*Exercise input*:

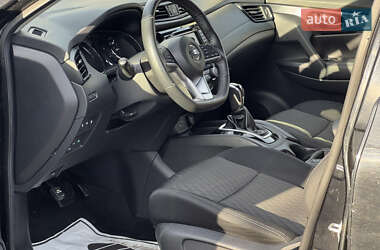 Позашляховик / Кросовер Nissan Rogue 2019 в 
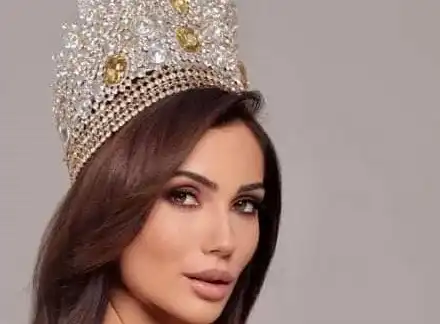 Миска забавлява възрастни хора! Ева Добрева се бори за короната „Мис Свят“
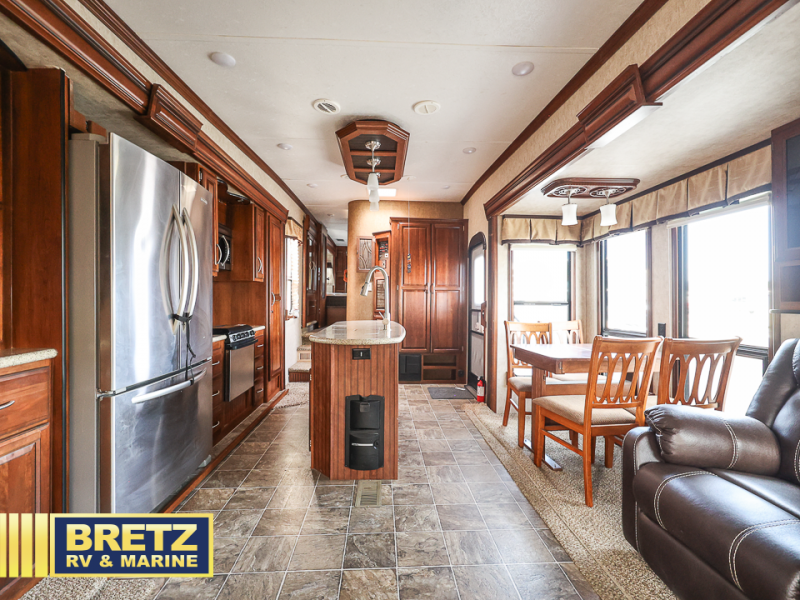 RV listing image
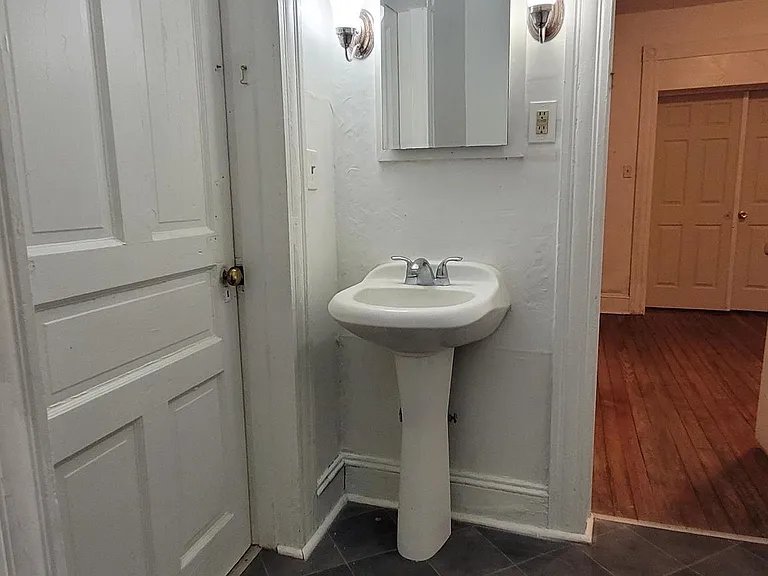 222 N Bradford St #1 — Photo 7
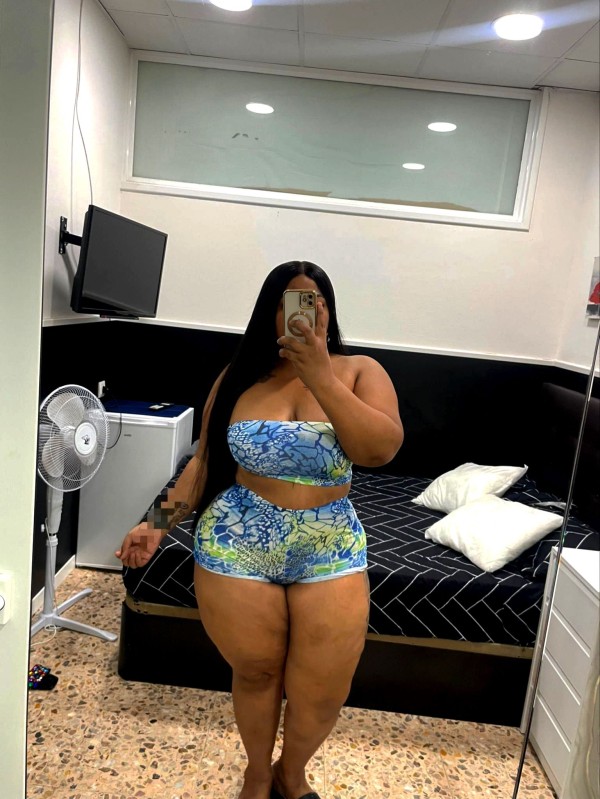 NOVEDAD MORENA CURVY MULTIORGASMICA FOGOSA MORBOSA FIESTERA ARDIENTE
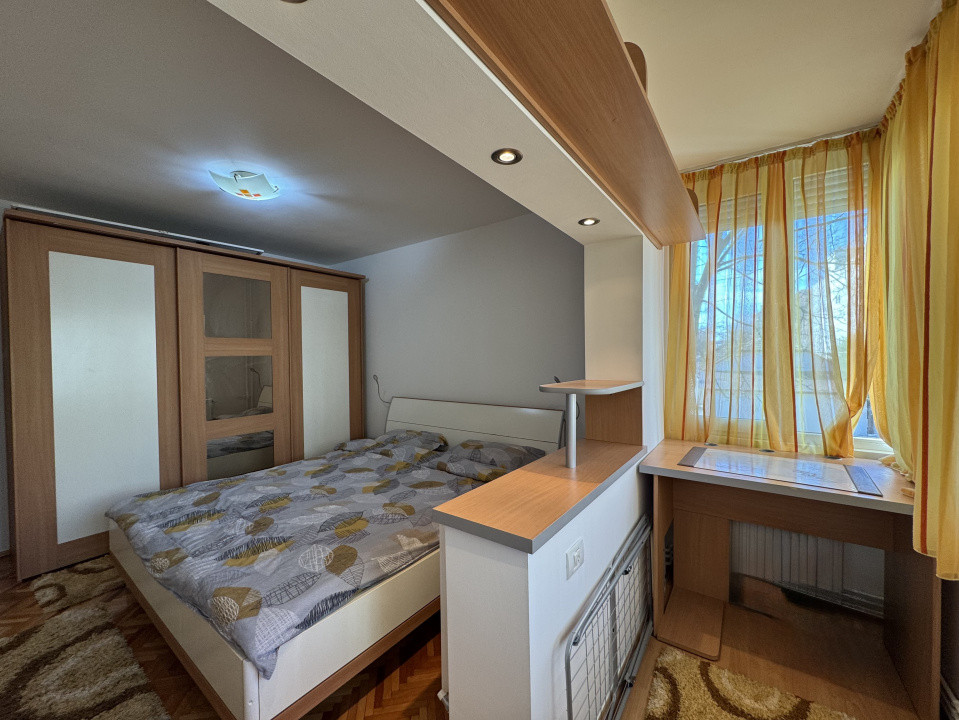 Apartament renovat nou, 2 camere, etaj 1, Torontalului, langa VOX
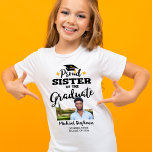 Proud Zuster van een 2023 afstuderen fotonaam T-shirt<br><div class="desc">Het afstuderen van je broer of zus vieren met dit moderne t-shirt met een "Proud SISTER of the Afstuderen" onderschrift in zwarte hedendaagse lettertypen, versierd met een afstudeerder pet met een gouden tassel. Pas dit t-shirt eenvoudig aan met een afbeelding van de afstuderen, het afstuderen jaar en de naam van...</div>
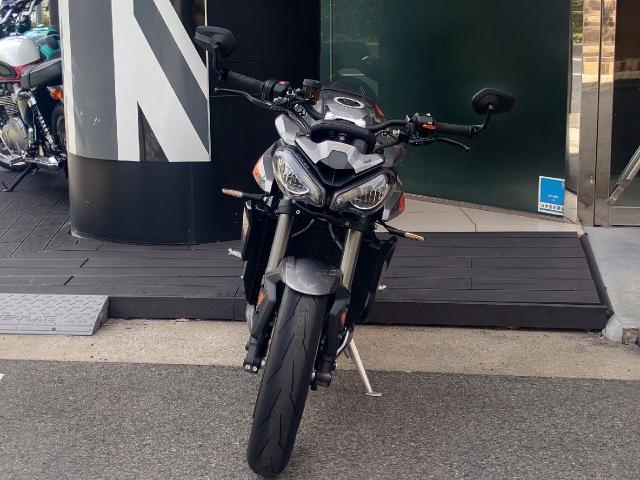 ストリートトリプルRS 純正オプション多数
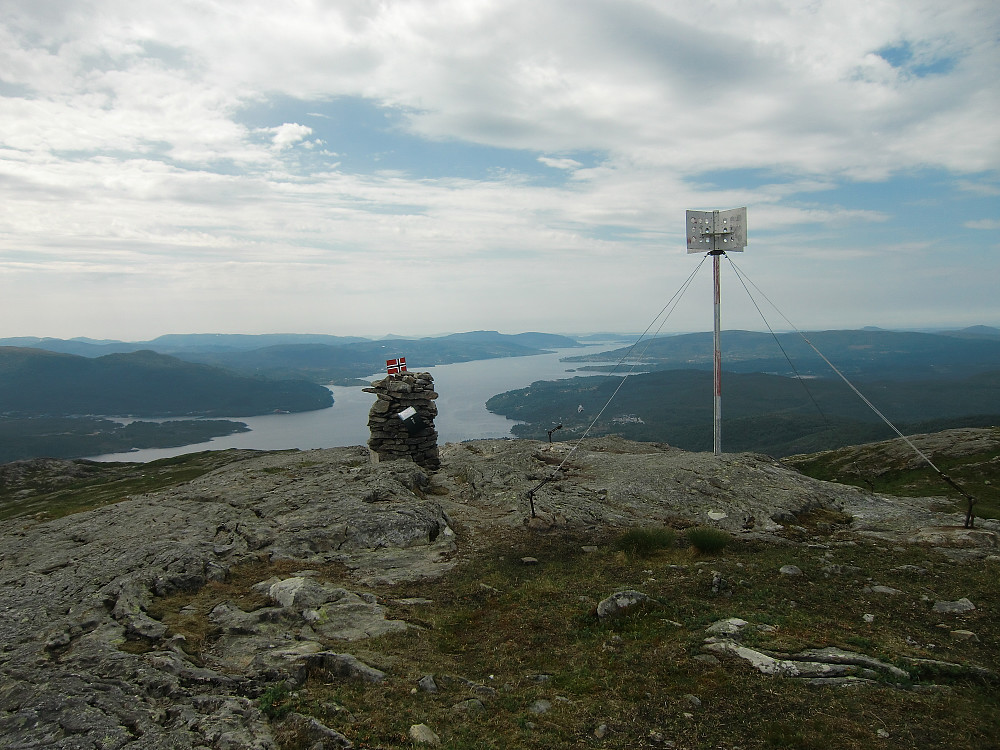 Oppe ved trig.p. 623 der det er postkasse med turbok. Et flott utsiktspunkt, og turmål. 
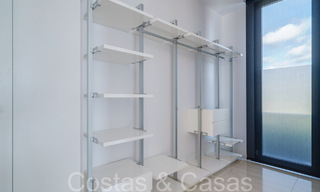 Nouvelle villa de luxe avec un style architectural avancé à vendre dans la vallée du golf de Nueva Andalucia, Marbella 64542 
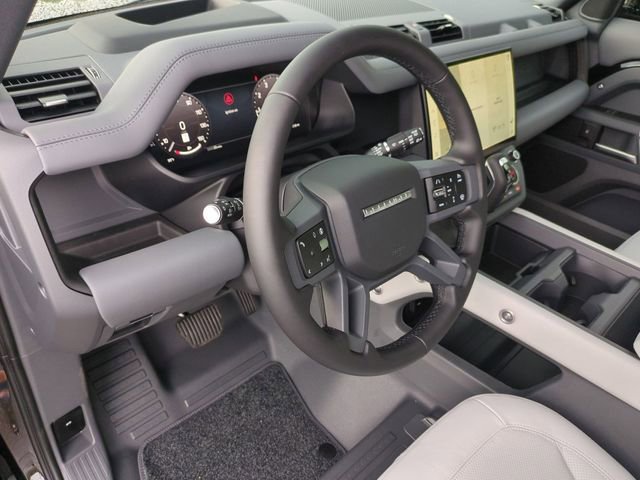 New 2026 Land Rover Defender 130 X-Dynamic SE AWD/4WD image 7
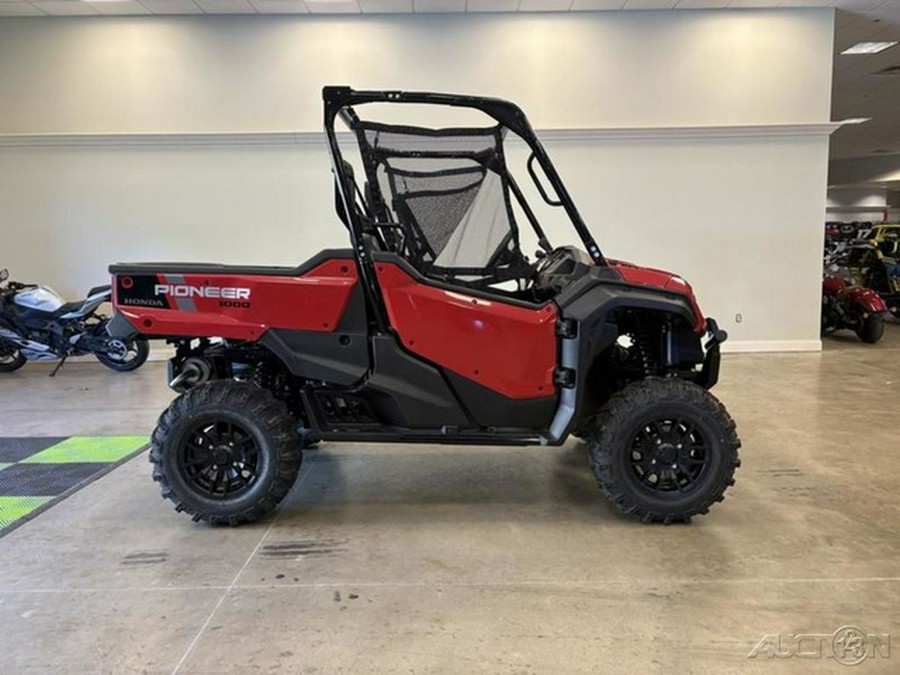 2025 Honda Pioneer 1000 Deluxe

*Your instructions*: Set down the records above exactly, leaving out pictures.

*Exercise output*:
 Позашляховик / Кросовер Nissan Rogue 2019 в 
 Миска забавлява възрастни хора! Ева Добрева се бори за короната „Мис Свят“
 RV listing image
 222 N Bradford St #1 — Photo 7
 NOVEDAD MORENA CURVY MULTIORGASMICA FOGOSA MORBOSA FIESTERA ARDIENTE
 Apartament renovat nou, 2 camere, etaj 1, Torontalului, langa VOX
 Proud Zuster van een 2023 afstuderen fotonaam T-shirt<br><div class="desc">Het afstuderen van je broer of zus vieren met dit moderne t-shirt met een "Proud SISTER of the Afstuderen" onderschrift in zwarte hedendaagse lettertypen, versierd met een afstudeerder pet met een gouden tassel. Pas dit t-shirt eenvoudig aan met een afbeelding van de afstuderen, het afstuderen jaar en de naam van...</div>
 ストリートトリプルRS 純正オプション多数
 Oppe ved trig.p. 623 der det er postkasse med turbok. Et flott utsiktspunkt, og turmål. 
 Nouvelle villa de luxe avec un style architectural avancé à vendre dans la vallée du golf de Nueva Andalucia, Marbella 64542 
 New 2026 Land Rover Defender 130 X-Dynamic SE AWD/4WD image 7
 2025 Honda Pioneer 1000 Deluxe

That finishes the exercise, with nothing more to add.